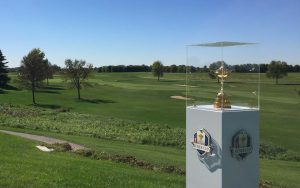 Ryder Cup Hazeltine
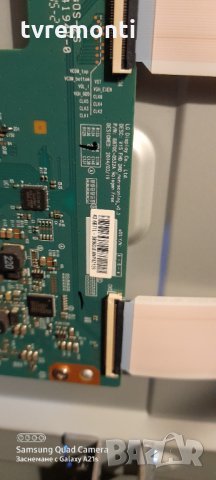 TCon BOARD LG display Co LTD , V17 FHD Neo14_D Ver01 P/N 6870C-0532D, снимка 2 - Части и Платки - 31449080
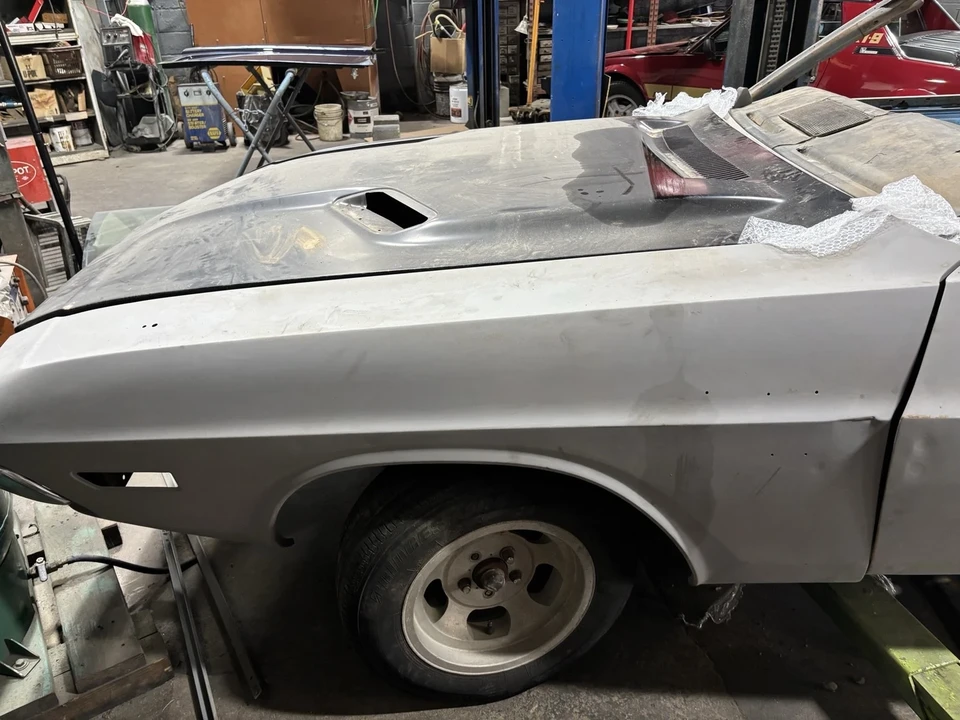 1970 Dodge Challenger 1st Gen - Image 7 of 21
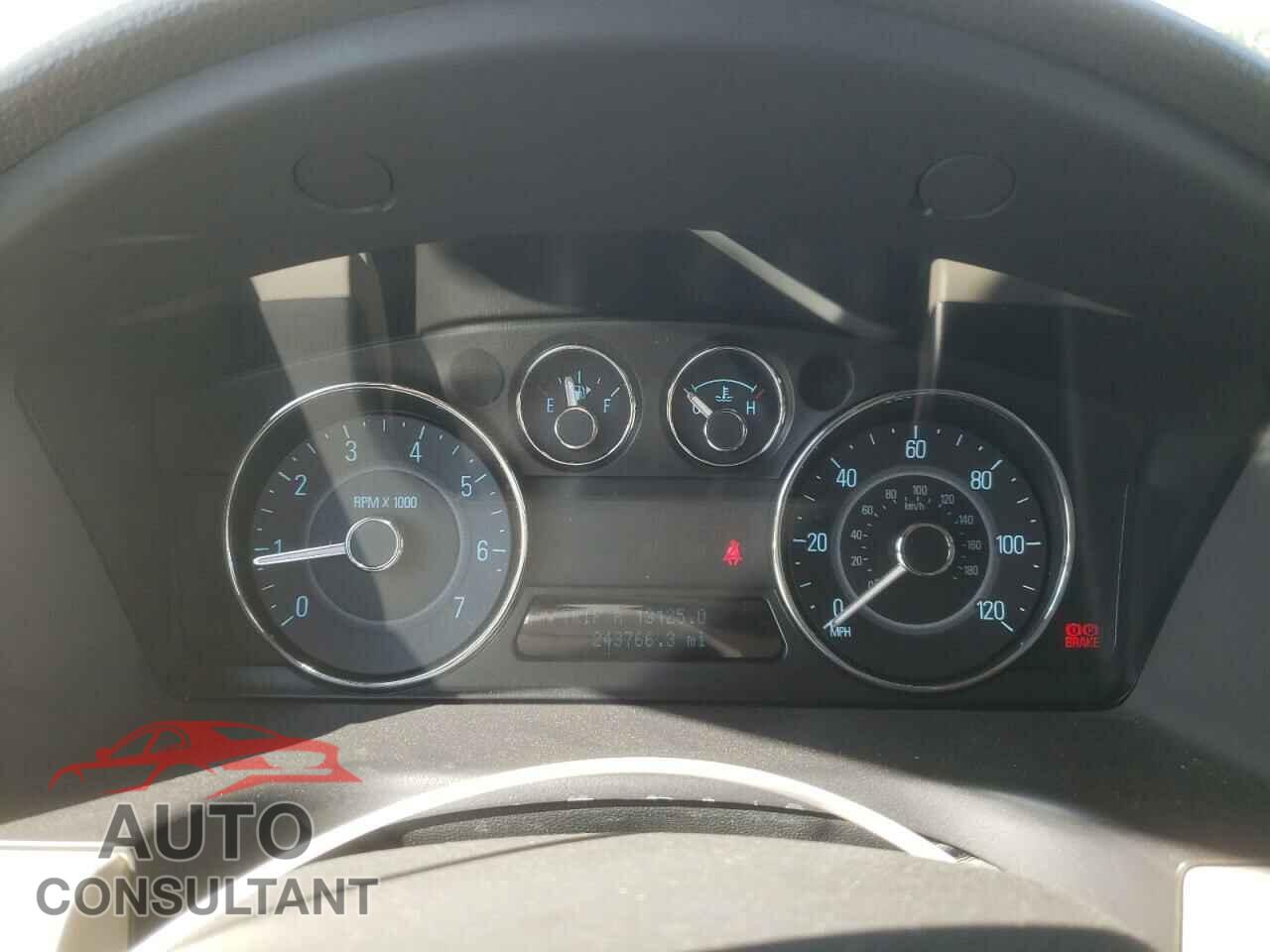 FORD FLEX 2012 - 2FMGK5CCXCBD12076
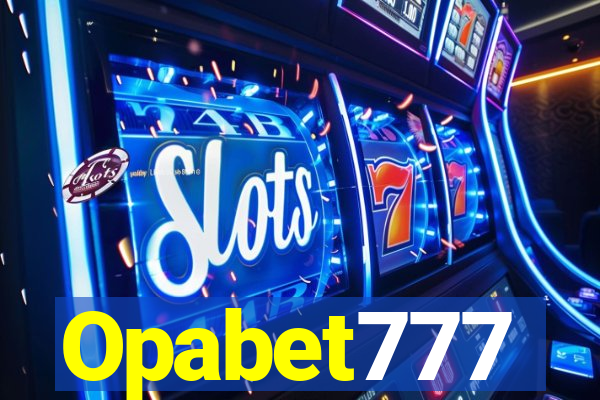 Opabet777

————

# [EXERCISE DESCRIPTION]
In your copy, reproduce the data above exactly and skip every picture.

# [TASK SOLUTION]
 Ryder Cup Hazeltine
 TCon BOARD LG display Co LTD , V17 FHD Neo14_D Ver01 P/N 6870C-0532D, снимка 2 - Части и Платки - 31449080
 1970 Dodge Challenger 1st Gen - Image 7 of 21
 FORD FLEX 2012 - 2FMGK5CCXCBD12076
 Opabet777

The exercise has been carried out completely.